La diagnosi di disforia di genere riguarda i giovanissimi – in età prepuberale – per i quali si manifestino segnali di incertezza sulla identità di genere. L’Agenzia del farmaco (Aifa) si dovrà pronunciare sul possibile utilizzo – in questi casi – di un medicinale, la triptorelina, che ha l’effetto, tra gli altri, di bloccare la pubertà nei maschi, così come nelle femmine.

L’Aifa ha chiesto un parere preventivo al Comitato Nazionale di Bioetica (Cnb), che si è espresso a favore dell’uso del farmaco, nonostante si ignori alcuna sperimentazione clinica in tal senso, e sia assai carente la consistenza della letteratura scientifica a sostegno.

Più di un commentatore – tra tutti gli esperti del Centro Studi Livatino, che hanno dedicato lo scorso  21 settembre, a Roma, un seminario sul tema spinoso – ha manifestato preoccupazione circa il contesto che sembra aver orientato il Cnb.

E’ indubbio rilevare una sempre più elevata pressione ideologica a favore del modello “gender fluid”, favorevole a ogni intervento che vada verso la cancellazione della identità di genere maschile/femminile. L’uso della triptorelina avrebbe il “vantaggio” di prolungar nel tempo la fase di indeterminatezza sessuale, influendo attivamente sul blocco dello sviluppo puberale, quindi di fatto bloccando la manifestazione dei caratteri sessuali secondari, come lo sviluppo del seno nelle femmine.

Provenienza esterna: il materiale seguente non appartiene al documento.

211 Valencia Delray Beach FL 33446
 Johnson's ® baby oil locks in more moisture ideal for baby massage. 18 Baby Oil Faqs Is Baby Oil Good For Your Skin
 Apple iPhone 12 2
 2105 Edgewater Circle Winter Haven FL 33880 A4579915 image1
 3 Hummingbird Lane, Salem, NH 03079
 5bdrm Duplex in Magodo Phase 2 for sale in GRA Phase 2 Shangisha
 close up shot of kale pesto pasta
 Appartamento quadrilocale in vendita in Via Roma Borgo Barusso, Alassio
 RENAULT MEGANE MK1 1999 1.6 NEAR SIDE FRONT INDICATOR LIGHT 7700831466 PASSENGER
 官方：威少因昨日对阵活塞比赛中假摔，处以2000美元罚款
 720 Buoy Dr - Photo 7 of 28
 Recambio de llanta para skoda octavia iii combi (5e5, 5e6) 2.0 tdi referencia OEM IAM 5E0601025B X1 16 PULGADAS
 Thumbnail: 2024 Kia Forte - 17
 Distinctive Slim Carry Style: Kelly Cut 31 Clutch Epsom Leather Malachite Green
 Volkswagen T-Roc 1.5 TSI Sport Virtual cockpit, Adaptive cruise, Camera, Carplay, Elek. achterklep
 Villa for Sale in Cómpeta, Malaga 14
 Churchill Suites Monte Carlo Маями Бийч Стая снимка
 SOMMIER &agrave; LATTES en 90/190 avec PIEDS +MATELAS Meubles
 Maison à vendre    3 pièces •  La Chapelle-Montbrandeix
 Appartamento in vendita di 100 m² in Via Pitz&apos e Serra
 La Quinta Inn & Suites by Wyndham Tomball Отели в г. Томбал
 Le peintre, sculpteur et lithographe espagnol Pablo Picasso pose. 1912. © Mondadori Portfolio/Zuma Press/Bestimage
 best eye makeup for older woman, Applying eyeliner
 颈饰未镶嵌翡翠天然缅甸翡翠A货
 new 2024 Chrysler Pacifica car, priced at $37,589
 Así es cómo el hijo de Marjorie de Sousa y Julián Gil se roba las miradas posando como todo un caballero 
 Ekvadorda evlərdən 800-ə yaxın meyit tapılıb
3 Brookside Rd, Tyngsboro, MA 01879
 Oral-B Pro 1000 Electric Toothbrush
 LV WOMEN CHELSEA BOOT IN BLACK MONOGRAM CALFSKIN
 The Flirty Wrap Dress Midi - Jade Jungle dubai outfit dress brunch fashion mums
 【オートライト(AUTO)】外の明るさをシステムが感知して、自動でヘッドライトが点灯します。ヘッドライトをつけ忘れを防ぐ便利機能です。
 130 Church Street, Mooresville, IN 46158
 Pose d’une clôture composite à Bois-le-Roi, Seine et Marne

La diagnosi di disforia di genere – se l’Aifa aderisse al parere del Cnb – consentirebbe la prescrizione della triptorelina, con il conseguente allungamento del periodo di limbo sessuale, di fatto favorendo una condizione di ambiguità sessuale, data l’assenza voluta di corrispondenza tra sesso e genere “percepito”.

Al di là della contrapposizione ideologica e culturale  tra chi promuove la teoria del “gender” e chi ritiene la sessualità un insopprimibile dato di natura, crea molta preoccupazione l’intervento medico “autoritativo” che solo in teoria dovrebbe prima incassare un consenso espresso in modo libero e volontario del minore, con la consapevolezza delle informazioni ricevute.

Non è difficile capire perché si tratterebbe solo di un teorico e formale rispetto del “consenso informato del minore” e della famiglia. Come si può assicurare che il minore affetto da disforia di genere, cioè in una manifesta crisi di identità sessuale, possa liberamente e consapevolmente voler assumere un farmaco in grado di bloccare il suo sviluppo sessuale?

La scelta frettolosa (nell’assenza riconosciuta di una sicura sperimentazione clinica) di somministrare un farmaco con effetti coerenti con il modello del “gender fluid” sembra prevalere anche per motivi economici. Si aprirebbe un mercato farmacologico nuovo, che potrebbe abbattere i costi chirurgico-sanitari prevedibili per chi in ottemperanza alle leggi voglia e possa cambiare genere nel corso della sua vita adulta e consapevole.

I casi di disforia di genere in Italia sono stimati nell’ordine dei 2-5 su 100mila. Ogni trattamento annuale di triptorelina – secondo alcune stime diffuse – costerebbe intorno ai 2000-2500 euro. Un mercato quindi non lontano dai due miliardi di euro di valore. Un mercato molto “trendy” in perfetta sintonia con chi propugna la teoria del “gender”. Basta così poco – una fideistica adesione a una ideologia – per orientare obbligatoriamente i giovani all’indeterminatezza sessuale?

E nessuno (o quasi) che se ne scandalizzi. L’intervento medico-farmacologico, tanto osteggiato dalle comunità Lgbt (che contrastano l’uso di presidi medici che si “oppongono” all’omosessualità, come se fosse una malattia da curare) emerge invece come tollerato e addirittura auspicato e favorito da chi vuole affermare la via farmaceutica all’indeterminatezza sessuale.